Giant proxy DBD for multiple databases

baku has asked for the wisdom of the Perl Monks concerning the following question:

Long have I travailled in the world of MVS, and I return with stupid questions, seeking enlightenment.

This is a very long question about SQL::Statement and doing a JOIN across multiple databases, so I'm tacking a READMORE here...

Here's the troubles: We have a set of disparate (geographically, logically, operating system, file structure) sets of files stored in ~50 systems, almost exclusively MVS. (We're looking at a lot of VSAM sets, which are similar to Berkeley DB, i.e. if you know the key, getting the value is easy, but if you want "column 4," you're going to have to scan the entire table; also some M204 stuff, which the NSA developed and nobody uses...) Our job is to put a query interface that can traverse multiple sources as if they were all in one big, happy database.

Think of it like:

SELECT a.users.name,c.users.year_of_birth
  FROM vsam://mvs.a.biz/USERDATA.APPNAME.FILEFMMF(XXXXXXXX)
         AS a,
       m204://mvs.b.biz/USERDATA.APPNAME.FILEFMMF(XXXXXXXX)
         AS b,
       db2mvs://mvs.c.biz/DB2/APPNAME/FILEFMMF/XXXXXXXX
         AS c
 WHERE     a.users.id = b.users.id
       AND b.users.x  = c.users.x
[download]

(Yes, not real SQL, but just imagine.) In fact, we can expect just table.column_name syntax coming in, with an explicit mapping of table => source/(table|file).

I told you there was a question coming, right?
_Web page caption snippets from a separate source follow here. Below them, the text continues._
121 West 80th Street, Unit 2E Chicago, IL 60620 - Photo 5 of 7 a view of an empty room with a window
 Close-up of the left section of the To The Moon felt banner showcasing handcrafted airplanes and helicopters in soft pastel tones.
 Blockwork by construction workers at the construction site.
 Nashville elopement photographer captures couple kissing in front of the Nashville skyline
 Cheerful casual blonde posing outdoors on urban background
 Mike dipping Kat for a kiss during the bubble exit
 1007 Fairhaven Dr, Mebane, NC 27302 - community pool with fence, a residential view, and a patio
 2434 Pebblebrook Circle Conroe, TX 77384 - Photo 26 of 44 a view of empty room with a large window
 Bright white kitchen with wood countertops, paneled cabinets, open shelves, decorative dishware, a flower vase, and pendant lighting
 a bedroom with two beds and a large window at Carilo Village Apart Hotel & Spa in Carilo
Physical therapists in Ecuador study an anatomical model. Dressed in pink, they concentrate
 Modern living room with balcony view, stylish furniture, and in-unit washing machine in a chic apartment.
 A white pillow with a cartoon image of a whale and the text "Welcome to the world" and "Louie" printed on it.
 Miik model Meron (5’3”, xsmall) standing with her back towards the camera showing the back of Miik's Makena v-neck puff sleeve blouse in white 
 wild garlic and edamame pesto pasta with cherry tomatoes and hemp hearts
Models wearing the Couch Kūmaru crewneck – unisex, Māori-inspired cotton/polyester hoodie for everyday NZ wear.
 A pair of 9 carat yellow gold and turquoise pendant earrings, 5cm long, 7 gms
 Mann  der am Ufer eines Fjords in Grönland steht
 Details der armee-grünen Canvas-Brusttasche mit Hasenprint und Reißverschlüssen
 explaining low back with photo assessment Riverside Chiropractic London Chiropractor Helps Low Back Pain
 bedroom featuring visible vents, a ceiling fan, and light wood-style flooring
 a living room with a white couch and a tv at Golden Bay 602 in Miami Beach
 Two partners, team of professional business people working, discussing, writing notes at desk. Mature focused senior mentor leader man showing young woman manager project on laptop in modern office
Disclaimer: I am not married to the idea of using Perl exclusively here... in fact, being able to present an alternative solution alongside Perl would probably bolster the case for using Perl to the bosses and customer both. (Both parties are pretty sure this Unix thing is going to fizzle and we'll all be learning SAS and COBOL in a few years. There's a profound distrust of anything that doesn't require a cleanroom. Thus, the only Unix they see is the AIX tape library attached to the 'frame that takes up 30' of wall space.) However:

It seems to me that this should be possible with SQL::Statement or DBD::AnyData or something similar, and a lot of work creating DBD::AnyData drivers for each of the back-end types (VSAM, flatfile dataset, M204, PDS, ...) that submit a simplified version of the query to the COBOL driver routines on the various hosts. (For reference: COBOL's memory allocation is essentially all static, fixed-length; as a result, it's easiest to parse things out into COBOLese fixed-length records, convert them to EBCDIC, and shove them down a TCP/IP pipe to the very exciting world of CICS+TCP/IP, which is basically a fixed-formatting version of ye olde Berkeley Sockets.) We'll have to create these query interfaces, so I'm not worried about that bit, but DBD::Proxy gives me the willies. Heavy magic.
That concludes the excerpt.